If integration is summing many small piles, we have to figure out how big the piles are. Their height is usually given by a mathematical function, and our first example will be the same as in the Feynman trick article.
\[f(x) = \frac{x - 1}{\ln{x}}\]
This is to be integrated from zero to one, i.e. we want to know the size of the shaded area in the plot below. You can think of each column of shaded pixels as one pile, and we sum the size of all of them to get the total area.1 Of course, this is an svg image so there are no columns of pixels. Alternatively, the more we zoom in, the thinner the columns become – but the more of them there are. This is why we need integration: it’s dealing with the limit case of infinitely many, infinitely thin columns.
We could imagine drawing six random numbers between zero and one, and plotting piles of the corresponding height at those locations. Since there are six piles, their width is one sixth of the width of the area we are integrating.

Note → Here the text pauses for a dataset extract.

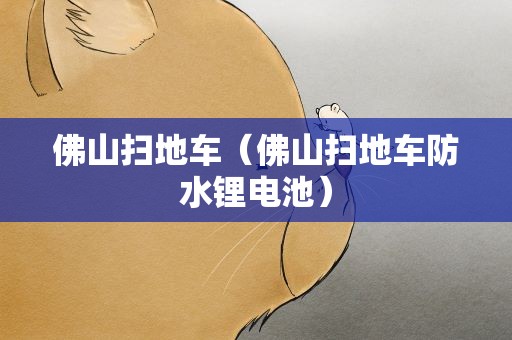 佛山扫地车（佛山扫地车防水锂电池）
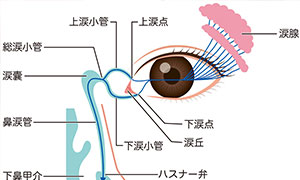 涙が出る仕組み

Even though some of these piles overlap by chance, and even though there are some random gaps between them, the sum of their areas (0.66) comes very close to the actual shaded area determined analytically (0.69). If we draw more piles, we have to make them correspondingly thinner, but the agreement between their sum and the total size of the area improves.
These are 100× as many piles, and they’re 1/100th as thick to compensate. Their total area is 0.70 – very close to 0.69. If we draw even more piles, we’ll get even closer.
This illustrates a neat correspondence between integrals and expected values. In the simple case, we can frame it mathematically as
\[\int_a^b f(x) \mathrm{d}x = E(f(x))\]
In words, this says that integrating the function \(f\) between \(a\) and \(b\) is the same as taking the expected value of \(f(x)\) at uniformly distributed random points between \(a\) and \(b\).